EXTRACTED DATA START

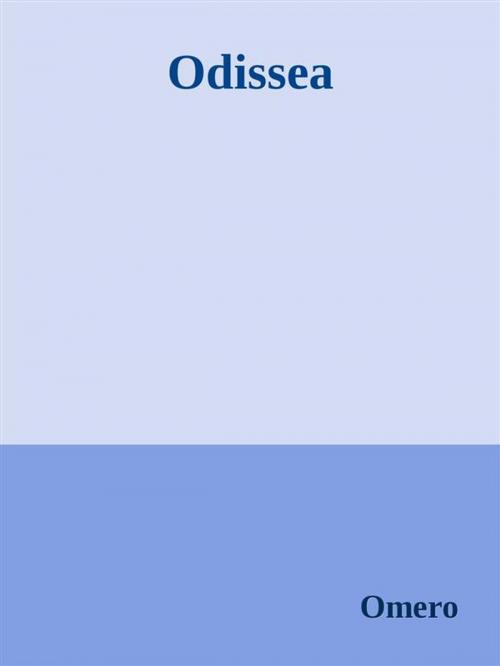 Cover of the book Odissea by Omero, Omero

EXTRACTED DATA END
EXTRACTED DATA START

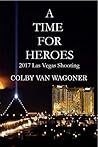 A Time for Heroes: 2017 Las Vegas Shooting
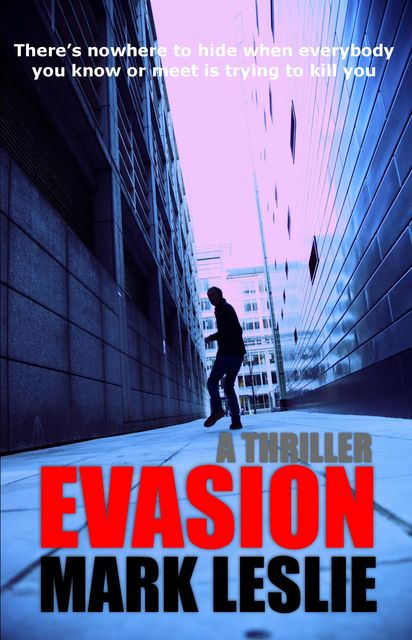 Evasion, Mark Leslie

EXTRACTED DATA END
EXTRACTED DATA START

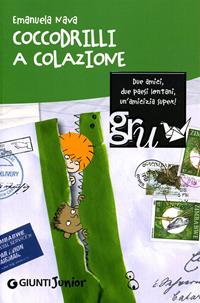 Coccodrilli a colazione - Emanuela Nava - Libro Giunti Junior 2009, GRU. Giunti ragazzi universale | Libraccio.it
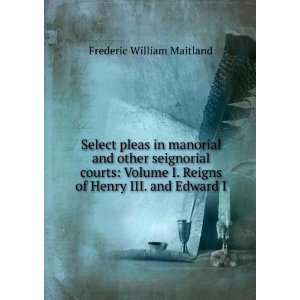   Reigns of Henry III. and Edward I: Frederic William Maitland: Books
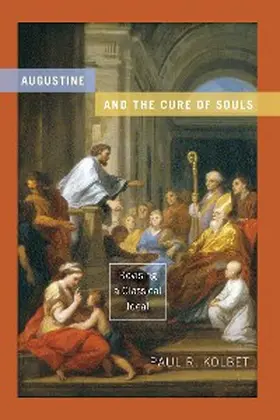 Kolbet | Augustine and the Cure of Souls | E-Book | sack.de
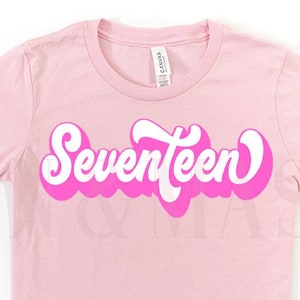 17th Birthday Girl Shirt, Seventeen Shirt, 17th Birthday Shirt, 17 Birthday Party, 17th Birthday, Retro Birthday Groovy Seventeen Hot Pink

EXTRACTED DATA END

**PROMPT**
Repeat the lines above exactly, beginning with the one containing "Reigns of Henry" and finishing with the one containing "17th Birthday Girl". No pictures belong in the copy.

**ANSWER TO THIS EXERCISE**
   Reigns of Henry III. and Edward I: Frederic William Maitland: Books
 Kolbet | Augustine and the Cure of Souls | E-Book | sack.de
 17th Birthday Girl Shirt, Seventeen Shirt, 17th Birthday Shirt, 17 Birthday Party, 17th Birthday, Retro Birthday Groovy Seventeen Hot Pink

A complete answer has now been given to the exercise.